Purchasing all relevant, high-quality dock safety equipment clearly is vital to maintaining a safe loading dock area. One absolutely essential type of material handling dock safety equipment is
dock truck restraints.
Truck restraints anchor directly to the dock and latch onto either the trailer’s ICC bar or rear impact guard (RIG) to hold the trailer firmly in place while it is being loaded or unloaded at the dock. The
truck restraint is designed only for legal ICC bars or rear impact guard (RIG). There are two basic models of this vital equipment: the
manual truck restraint and the electric
hydraulic truck restraint. Both types of
truck restraints work equally well in ensuring that a truck remains absolutely stationary at the dock until the unloading/loading is complete and the driver has been given a clear go-ahead to pull out.

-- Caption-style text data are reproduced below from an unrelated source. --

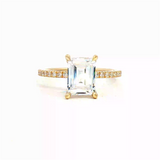 MPJ Exclusive Elegant Diamond Mountings 14K Gold Yellow Diamond Accented 1.5 Carats Emerald Cut Engagement Ring - 0.31 Carats Accent Diamonds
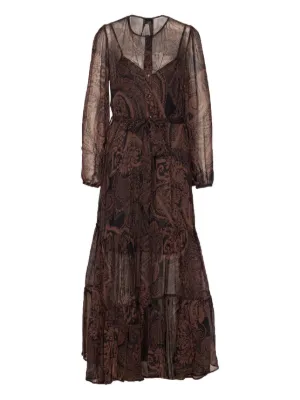 Vestito lungo con stampa cachemire metallizzata 106729A389 ZL1 PINKO Moro 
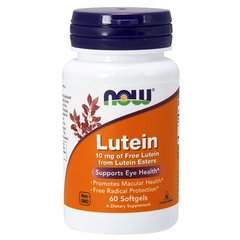 NOW Lutein 10 mg, 60 капсул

Truck restraints prevent several dangerous and potentially tragic dock-area occurrences from happening. Two of these occurrences are early driver departure and trailer creep. Clearly, a driver pulling away from the dock while unloading/loading is still going on creates a huge potential hazard for dock workers.
Dock truck restraints maintains a firm grip on the trailer’s rear portion will prevent a driver from moving his truck prematurely. Trailer creep refers to the gradual, inch-by-inch movement of a trailer away from a dock, with this movement usually caused by the momentum of repeated forklift crossings from the dock onto the truck bed. The firm grip of mechanical
dock restraints prevents this, which can result in the potentially disastrous occurrence of a fork truck, with driver on board, falling forward into the gap created by the trailer creep.
A third potentially injury-causing occurrence that a dock truck restraint, when coupled with the use of a trailer jack stand, can prevent is trailer upending. This can occur when the trailer is separated from its rig at the dock area. Resembling a tilted seesaw, trailer upending typically is caused when a heavy load is placed at the trailer’s front end, causing its back end to rise up from the dock platform. If a forklift driver happens to be making a trailer-dock crossing when this occurs, the resulting forklift tipover/fall can cause potentially serious injury. The firm trailer-dock grip maintained by the
dock restraint eliminates the possibility of this occurring. It is the customer’s responsibility to verify correctness of fit for applications.